Awwww Bear, come on now, this might be your chance to get that signed dollar back from Jody!


----------



## hound dog (Jul 8, 2011)

GaBuckSlammer said:


> Awwww Bear, come on now, this might be your chance to get that signed dollar back from Jody!



Got yours too. Lol.


----------



## GaBuckSlammer (Jul 8, 2011)

Tis true, I shalt not deny!   


The way I shot that day,  ,  I might as well have passed it over before we even started.

You  us pretty good!


----------



## alligood729 (Jul 8, 2011)

badcompany said:


> Going to be one tired dude after this weekend.

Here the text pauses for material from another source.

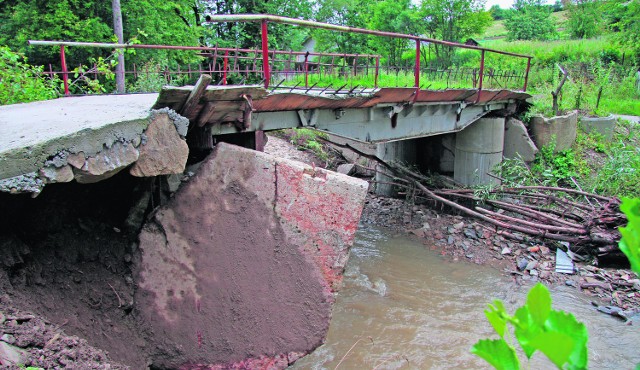 Zniszczona przeprawa w Korzennej. Nawałnice uszkodziły w regionie kilka mostów, odcinając dojazd do wielu gospodarstw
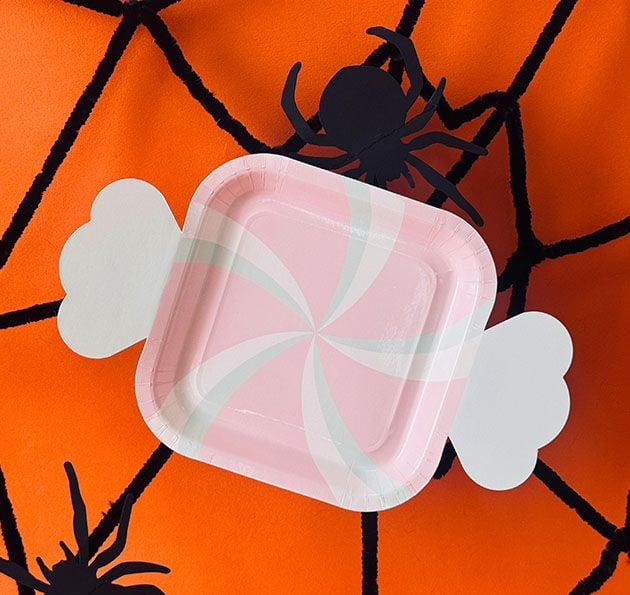 Piring Kek Bentuk Gula-gula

Should be home late Saturday night to come to R.A.C. for the shoot.



Me too brother....not leaving the beach til tomorrow, and want to be there early before it gets too hot! Hope to be there around 10 or so, maybe before.


----------



## GaBuckSlammer (Jul 8, 2011)

Sounds like its gonna be a good turn out! Lots of us might be suffering from vacation-lag. Hope the weather is nice to us. Lookin forward to it though, I've missed shootin this week!


----------



## Hunterrs (Jul 8, 2011)

Ready for the shoot!!!!


----------



## BOTTEMLINE (Jul 8, 2011)

*shoot*

Im ready how about everybody else???


----------



## BowanaLee (Jul 8, 2011)

BOTTEMLINE said:


> Im ready how about everybody else???


>>>>----------------->


----------



## hound dog (Jul 8, 2011)

BOTTEMLINE said:


> Im ready how about everybody else???





bowanna said:


> >>>>----------------->



Two walk on one may walk off.


----------



## Hunterrs (Jul 9, 2011)

Just a wake up left!!!!


----------



## hound dog (Jul 9, 2011)

15.5 hours to go. Just got done with with the rest of my chores for the shoot.


----------



## GaBuckSlammer (Jul 9, 2011)

I've got to check my string, may not make it, got a lil center serving separation going on after today


----------



## BOTTEMLINE (Jul 9, 2011)

*String*

Get you some sewing thread and superglue that will get you thru...


----------



## nhancedsvt (Jul 9, 2011)

See y'all in the morning. I'm going to try to get there early. I've got plans to head to the lake with the family tomorrow afternoon.


----------



## hound dog (Jul 9, 2011)

The house smells like brownies and she wont let me have one. She said they are for the shoot. So I hope yall injoy them.


----------



## Hunterrs (Jul 9, 2011)

Ready for tomorrow!!!


----------



## alligood729 (Jul 9, 2011)

Be there bout 9am......or so....


----------



## Taylor Co. (Jul 9, 2011)

Maybe I'll make it..Hoping! I found just yesterday evening that my ride isn't going to be able to go..I don't have a way(no truck right now). Anyone coming thru Macon, I would love to ride with you. Thanks in advance, just PM me. Trey D.


----------



## hound dog (Jul 10, 2011)

OK we are up. See yall soon.


----------



## Taylor Co. (Jul 10, 2011)

Y'all have fun..doesn't look like I am going to make it. Haven't heard from anyone.


----------



## Hunterrs (Jul 10, 2011)

Really good seeing everyone today.  Missed some regulars though.  Smoking hot day but a great shoot with the best folks in archery working and shooting.  Had a blast, see everyone again at our hunting shoot on August 14.  Mr. Hound doggie has a little something for y'all then. Gonna be fun!!!


----------



## hound dog (Jul 10, 2011)

Hunterrs said:


> Really good seeing everyone today.  Missed some regulars though.  Smoking hot day but a great shoot with the best folks in archery working and shooting.  Had a blast, see everyone again at our hunting shoot on August 14.  Mr. Hound doggie has a little something for y'all then. Gonna be fun!!!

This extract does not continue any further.